Kanawha School Board Votes Unanimously To Rename Stonewall Jackson Middle School

Stonewall Jackson Middle School

The Kanawha County school board voted unanimously to remove Stonewall Jackson’s name from a Charleston middle school.  

Before the 5-0 vote Monday, more than a dozen speakers asked the Board of Education to change the school’s name, including middle school student Camdyn Harris.


“I’m speaking for myself, my family, future generations, the West Side and the greater Charleston community as a whole. We are not trying to take away history, but we are moving forward starting today, starting now, for my future, my classmates’ future and future generations,” he said.

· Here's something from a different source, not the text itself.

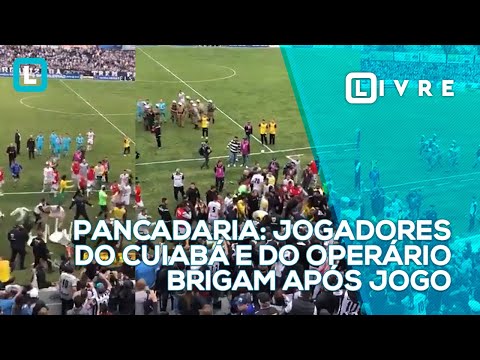 Pancadaria: jogadores do Cuiabá e do Operário brigam após jogo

Born in 1824 in present-day Clarksburg, Thomas Jonathan “Stonewall” was a Confederate general who owned slaves and became one of the most recognizable figures of the Civil War. Sites in more than a dozen states bear his name, including several in West Virginia. 

Nearly half the students at Stonewall Jackson Middle are Black. Discussions are ongoing about renaming the school after influential Black educator Booker T. Washington, a Virginia native, or NASA mathematician Katherine Johnson, who was born in West Virginia, but the board has until October to formally decide.

The vote came one week after the City of Charleston quietly removed the face of Riflemen Memorial at a park Downtown. The bronze plaque listed the names of local men who fought for the Confederacy during the Civil War.

But in Clarksburg, Jackson’s birthplace, the Harrison County Commission rejected a motion last month to remove a statue of him in front of the downtown courthouse.

Across West Virginia, roughly 20 statues, memorials and other markers still stand, honoring Confederate generals and soldiers, according to data compiled by the Southern Poverty Law Center

Even two weeks ago, it was unclear whether the school board’s vote would be unanimous. Member Becky Jordon last month said “maybe this is a knee jerk option,” when asked about the proposal. But on Monday, she acknowledged that “times are changing,” while imploring the community to invest time and resources into the school.  

“I had been the most vocal about not wanting this change, I know that,” she said.  Later she added, “let’s step up what’s inside that building. Yeah, we’re gonna change the outside of the name, but we have a lot more changes to do, and you all need to step it up.”